Collected data:
• • • • •
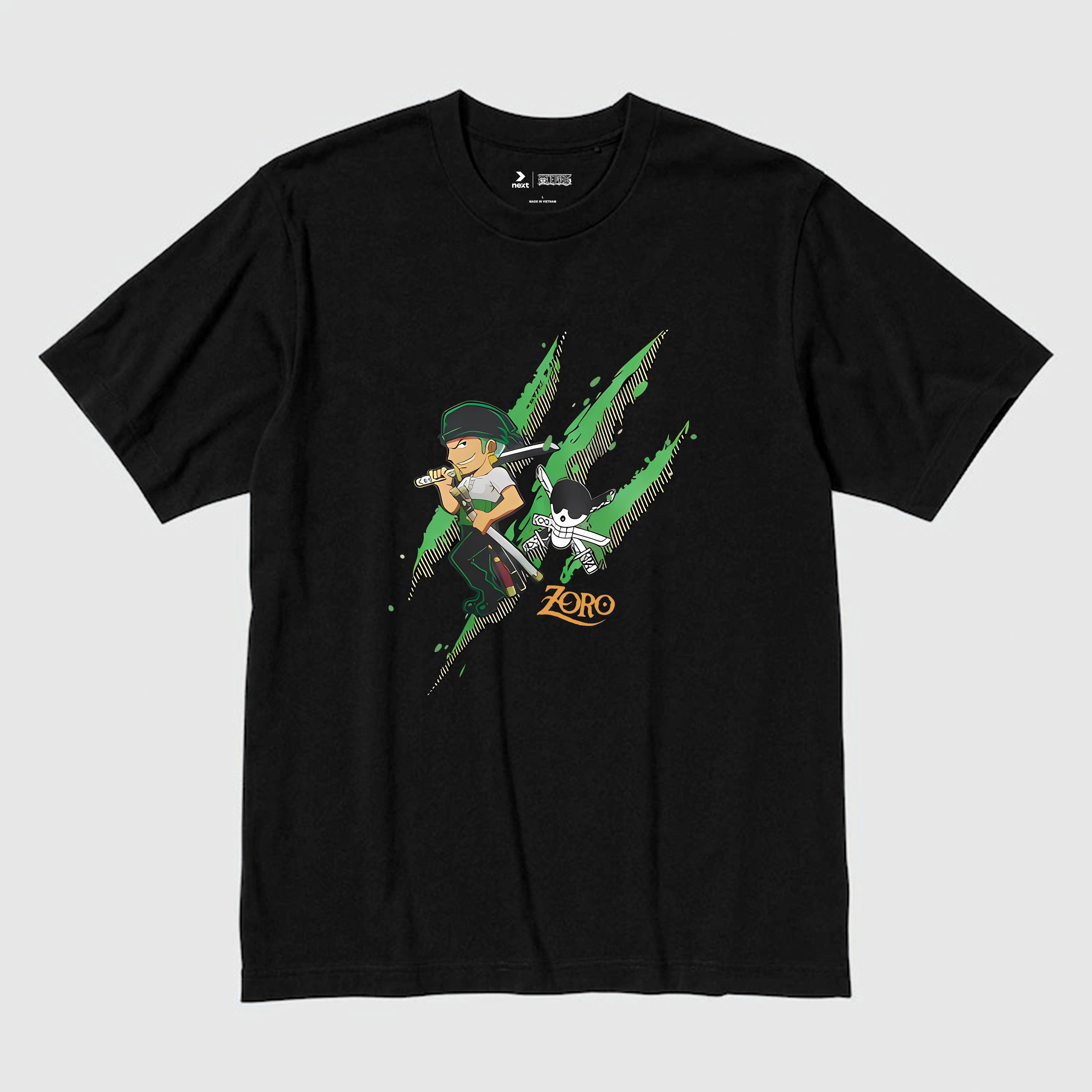 ONE PIECE ZORO T-SHIRT / ĐEN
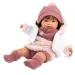 Llorens: Carla 42 cm jokajoča dojenček s cucljem v obleki z zvezdami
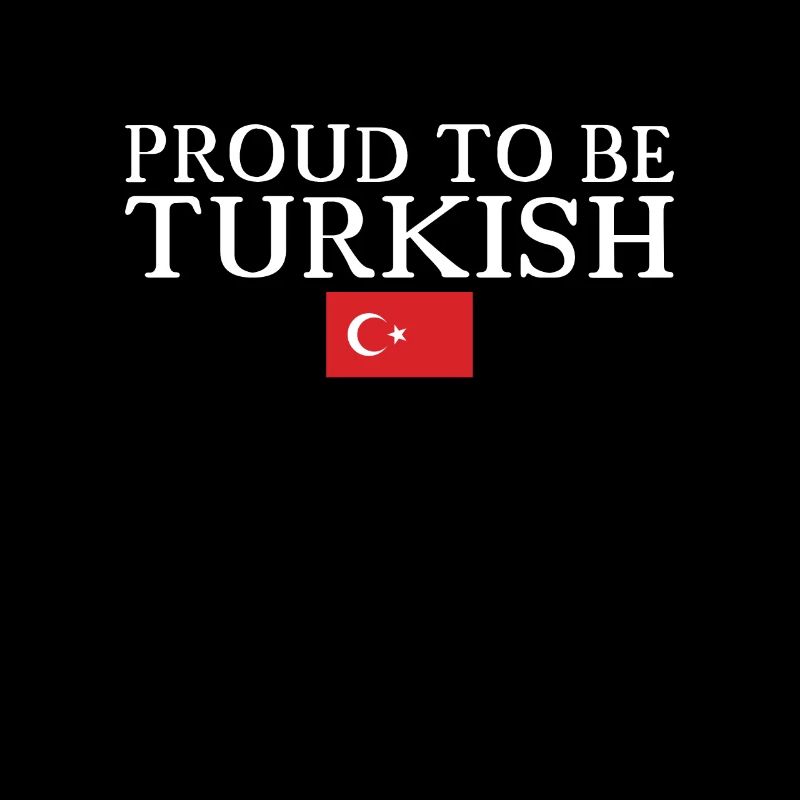 Fier d’être turc Turquie Drapeau turc Turc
• • • • •
Work instructions: None of the pictures belong in the copy; transcribe the rest of the data exactly.

Expected answer:
 ONE PIECE ZORO T-SHIRT / ĐEN
 Llorens: Carla 42 cm jokajoča dojenček s cucljem v obleki z zvezdami
 Fier d’être turc Turquie Drapeau turc Turc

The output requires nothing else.